Science Daily : ” Carbon Bubble Coming Could Wipe Out Trillions from the Global Economy”

Jay OwenGreen Prosperity, Reforming Global Finance, Sustainability News

“Ethical Markets research in our Green Transition Scoreboard® 2018 confirms this latest report on the size of the stranded fossil assets under threat, following the pioneer work of researchers at Carbon Tracker and 2 Degree Investing.  We have been warning institutional investors of these risks  since the UN Climate Summit in Copenhagen in 2009, with every annual update of our GTS. This reported on the annual private investments in green sectors worldwide  and found over $1 trillion every year, including our cumulative 2018 total of $9.3 trillion. We also  advised shifting at least 10% of their assets to  renewable sectors that we covered, along with Mercer that recommended up to 40% shifts. This shifting has proved superior to  divesting, since asset managers did not have all the green company opportunities in their algorithms and so would likely continue to  follow these obsolete formulae.

 

Instead we threw asset managers a bone: strategic short-term advice to unpack their algos and see if their fossil assets were labeled as “fuel“, where they would be devalued as unusable in climate scenarios.  Instead we suggested that with the stroke of a pen, they could re-label fossil reserves as “feedstocks” to be kept in the ground for future uses in plastics, cement, etc. see “Assessing Risks of Fossil Reserves: Are They Fuel or Feedstocks”?  This would also  prevent burning these valuable reserves and we now see carbon being re-categorized as a resource, see our  GTS 2018: “CAPTURING CO2 WHILE IMPROVING HUMAN NUTRITION AND HEALTH”  listing many start-ups in CO2 capture and use.

~Hazel Henderson, Editor“

‘Carbon bubble’ coming that could wipe trillions from the global economy

Demand for fossil fuels will decline in the near future with major macroeconomic and geopolitical consequences

Date:
June 4, 2018
Source:
Radboud University Nijmegen
Summary:
Unlike current expectations, new research suggests that the prospects of the fossil-fuel industry are not bright, and that its demise may have profound economic and geopolitical consequences. Relying on ground breaking modelling techniques, researchers show that the consumption of fossil fuels will slow down or decline in the near future, as a result of ongoing technological change, potentially exacerbated by new climate policies.

 

New research shows that the demise of the fossil-fuel industry has profound economic and geopolitical consequences. Relying on ground breaking modelling techniques, researchers from Radboud University, the University of Cambridge (C-EENRG), Cambridge Econometrics, The Open University (UK) and the University of Macau show that the consumption of fossil fuels will slow down or decline in the near future, as a result of ongoing technological change, potentially exacerbated by new climate policies.
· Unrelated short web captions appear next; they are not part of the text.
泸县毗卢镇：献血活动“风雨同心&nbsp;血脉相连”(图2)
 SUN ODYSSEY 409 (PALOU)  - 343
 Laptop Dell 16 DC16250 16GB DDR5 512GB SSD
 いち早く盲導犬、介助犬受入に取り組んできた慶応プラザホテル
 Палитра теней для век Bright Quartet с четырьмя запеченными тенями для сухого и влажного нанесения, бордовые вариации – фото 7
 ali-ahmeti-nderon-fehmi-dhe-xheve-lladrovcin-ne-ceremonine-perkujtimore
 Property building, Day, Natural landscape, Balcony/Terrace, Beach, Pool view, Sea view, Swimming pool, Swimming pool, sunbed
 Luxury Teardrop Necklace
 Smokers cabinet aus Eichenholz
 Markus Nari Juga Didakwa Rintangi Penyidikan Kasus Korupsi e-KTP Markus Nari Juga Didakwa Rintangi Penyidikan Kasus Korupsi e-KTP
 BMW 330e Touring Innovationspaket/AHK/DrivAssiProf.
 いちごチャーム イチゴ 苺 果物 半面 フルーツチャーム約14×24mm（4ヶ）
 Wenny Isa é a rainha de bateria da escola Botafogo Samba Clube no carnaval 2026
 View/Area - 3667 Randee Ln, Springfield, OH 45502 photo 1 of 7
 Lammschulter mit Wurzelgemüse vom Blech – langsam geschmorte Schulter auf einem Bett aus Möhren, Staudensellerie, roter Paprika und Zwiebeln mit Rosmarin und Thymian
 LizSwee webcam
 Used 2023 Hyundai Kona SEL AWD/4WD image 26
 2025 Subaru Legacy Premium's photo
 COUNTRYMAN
This transition will result in clear winners, importers such as China and the EU, and losers, exporters such as Russia, the USA or Canada, which could see their fossil-fuel industries nearly shut down. If these countries keep up their investment and production levels despite declining demand, the global wealth loss could be huge: 1-4 trillion dollars, a loss comparable to that which triggered the financial crisis in 2007. Even the USA could not pull out from the transition, as it would only hurt itself even more. Global climate policy is therefore no longer a ‘prisoner’s dilemma’ game. These findings by researchers from Radboud University, the University of Cambridge (C-EENRG), Cambridge Econometrics, The Open University (UK) and the University of Macau are published in Nature Climate Change.